Gratton herself was strongly affected by a “brutal” period as a consultant in her early thirties. She confirms that millennials won’t make those sacrifices any more, putting offending companies at a real disadvantage in competing for the best talent. “If you’re not getting smart about how you not only bring women in but also how you keep them, you’re at a talent disadvantage in a major, major way,” agrees McGrath.
Does this mean that the rise of women will go on to change the fundamentals of management from the inside?
If she were alive today, the sole woman to rate a regular credit in management histories might answer in the affirmative. A keen observer, writing and lecturing in the 1920s and 1930s, Mary Parker Follett was an early proponent of what we would now call a “whole systems” view of business. One of her enduring concepts was the “law of the situation” — rather than making people obey orders, the job of managers was “to devise methods by which we can best discover the order integral to a particular situation”, she wrote. In other words, context is all.
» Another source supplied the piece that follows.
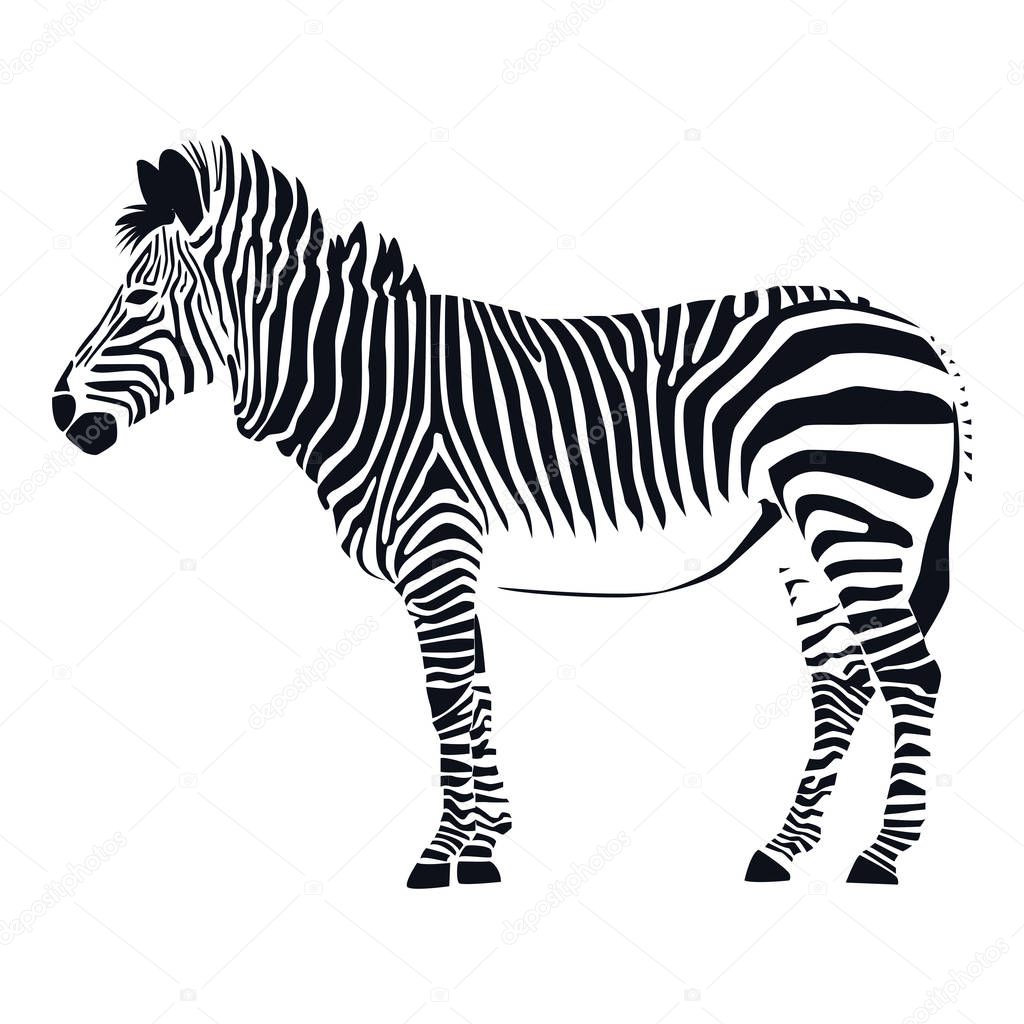 Zebra, African animal. Vector illustration. Black stripes only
Follett might conclude that for once the context of the day is perfectly aligned. On cue, women are coming into leadership positions just as Milton Friedman’s “shareholder value” doctrine is losing its destructive grip.
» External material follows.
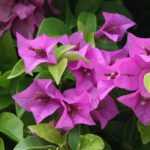 Bougainvillee schneiden: Wann und wie?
In the different world that is emerging, “the order integral to the situation” involves a fresh gender balance, being met again by the transformed managerial workforce. Technology has helped by enabling, over the past two years of the pandemic, radically new ways of working to match the new environment — while also, as some like McGrath think, promising to mitigate pro-pale-male selection bias through better co-ordination and screening.
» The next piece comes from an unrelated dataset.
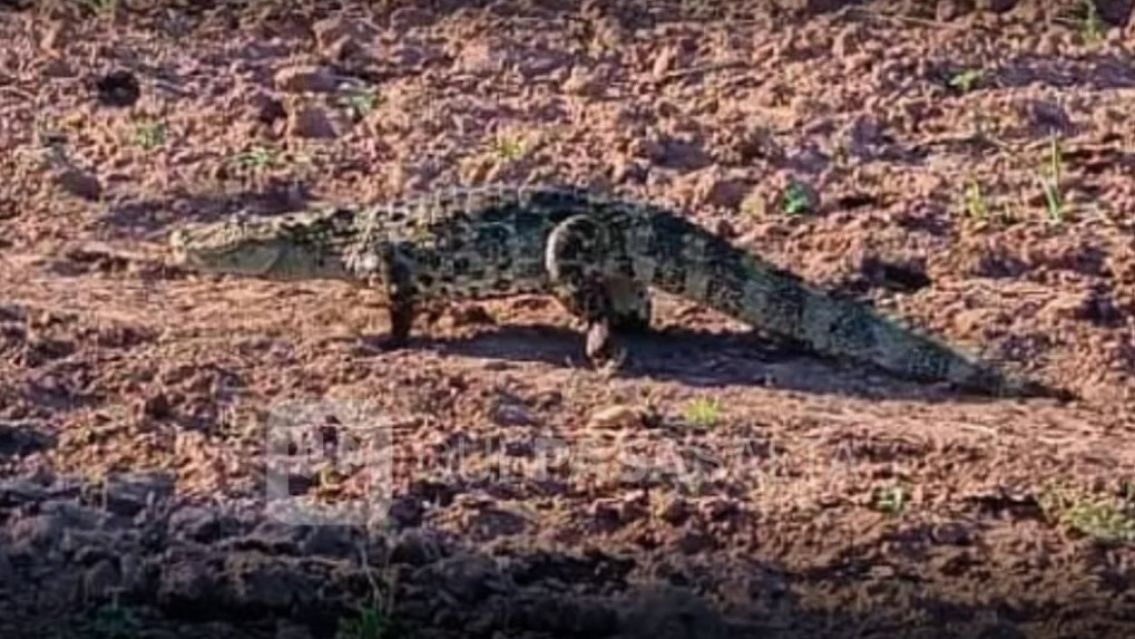 Sorpresa total: apareci� un "cocodrilo" en Salta y varios le sacaron fotos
The organisation is a tool, sums up Nicholson (a Follett admirer), which takes its characteristics from its purpose. When the rules of the game change, leaders must change too — or if they can’t, make way for those who can.
Finally, as Gratton points out in her new book, another, fortuitous effect of Covid has been to “unfreeze” hitherto fixed corporate practices and processes, and at least temporarily make the unthinkable thinkable — “Why on earth do we do things like this?” — or, for individuals, “What am I doing here at all?” The Great Resignation is one result — for Gratton, a telling indicator that all this should have been done ages ago, and now “everything is in play”.
For Edmondson this should be a Follett moment, giving women the chance to make a distinctive mark on the emerging organisational order. “We’re really the first to be in workplaces en masse,” adds McGrath. “It’s a big experiment, and it’s still very early days.”
Yet it is striking that the optimism is tempered by a strong note of caution. Obsolete mindsets still abound, and crisis leaders all too often revert to the familiar default of control and coercion. High-flying women of colour resent patronising attitudes, and young ones of all ethnicities have to combat a culture deeply ingrained over a century. The threat of a backlash, never absent, is today front of mind.
“I do worry about backlash,” says Edmondson, who is not alone in pointing to attempts to roll back women’s hard-won rights and diminish their importance and voice — and also to a world where bullying, violence and decision-making by diktat, and men, are on the rise.
Wittenberg-Cox agrees. She sees women and gender-balance as the canary in the coal mine for everything else. “I have always thought that the 20th century saw the rise of women, and the 21st century will be about whether men accept that rise or backlash against it,” she says. “And right now, what you see is both.”